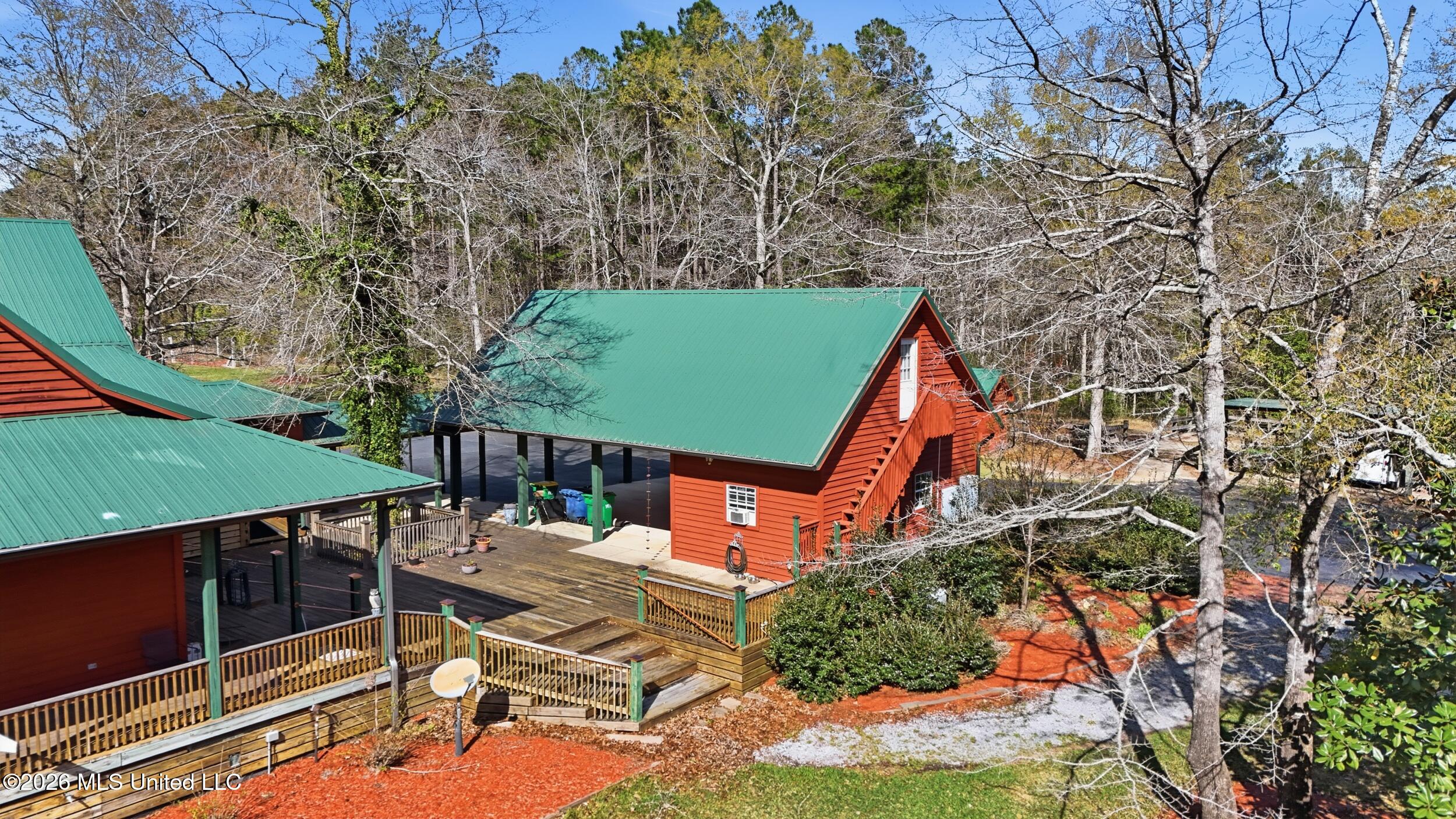 24203 Bilbo Road Vancleave, MS 39565 - Photo 28 of 37 99_139_dji_20260316155958_0481_d
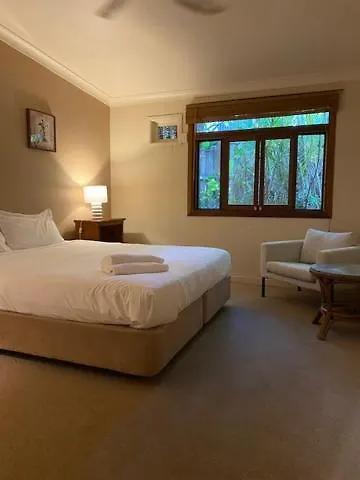Tallow Beach Motel (Adults Only) Byron Bay 3*,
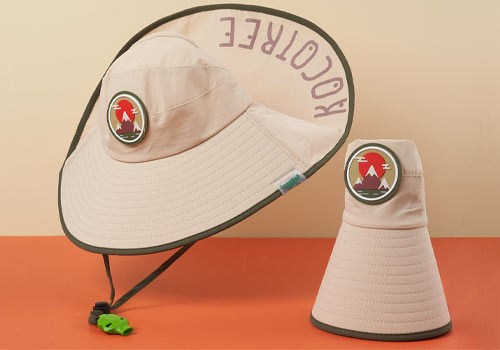 MUSE Design Awards Winner - Kocotree Summer Hat by Zhejiang Kuqu Intelligent Technology Co., Ltd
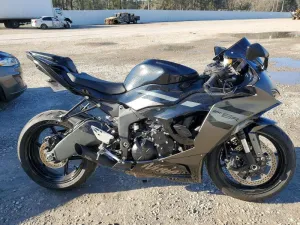2026 KAWASAKI ZX636 K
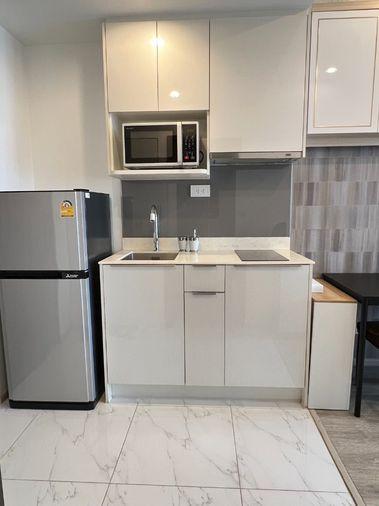 picture For Rent  :  Ideo Mobi Sukhumvit 66  (ST-02) (Close to BTS Udomsuk) - 7/14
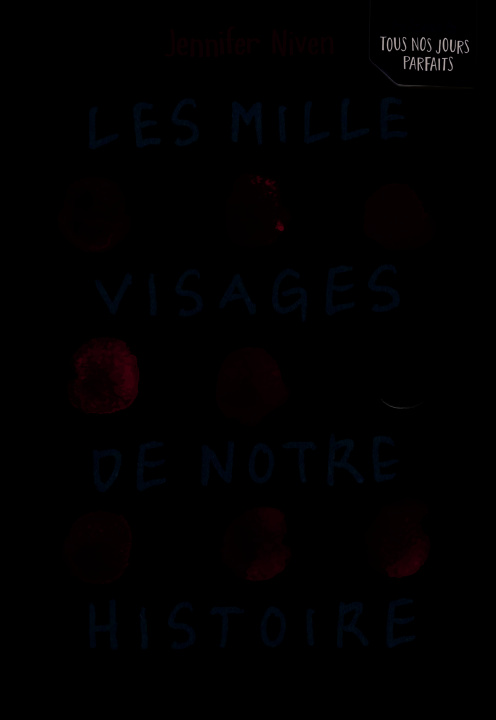 Книга Les Mille Visages de notre histoire Niven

**EXERCISE GOAL**
Starting with the line that holds "Tallow Beach Motel", copy every line exactly through the final line of the material, but skip the pictures.

**RESULT**
Tallow Beach Motel (Adults Only) Byron Bay 3*,
 MUSE Design Awards Winner - Kocotree Summer Hat by Zhejiang Kuqu Intelligent Technology Co., Ltd
2026 KAWASAKI ZX636 K
 picture For Rent  :  Ideo Mobi Sukhumvit 66  (ST-02) (Close to BTS Udomsuk) - 7/14
 Книга Les Mille Visages de notre histoire Niven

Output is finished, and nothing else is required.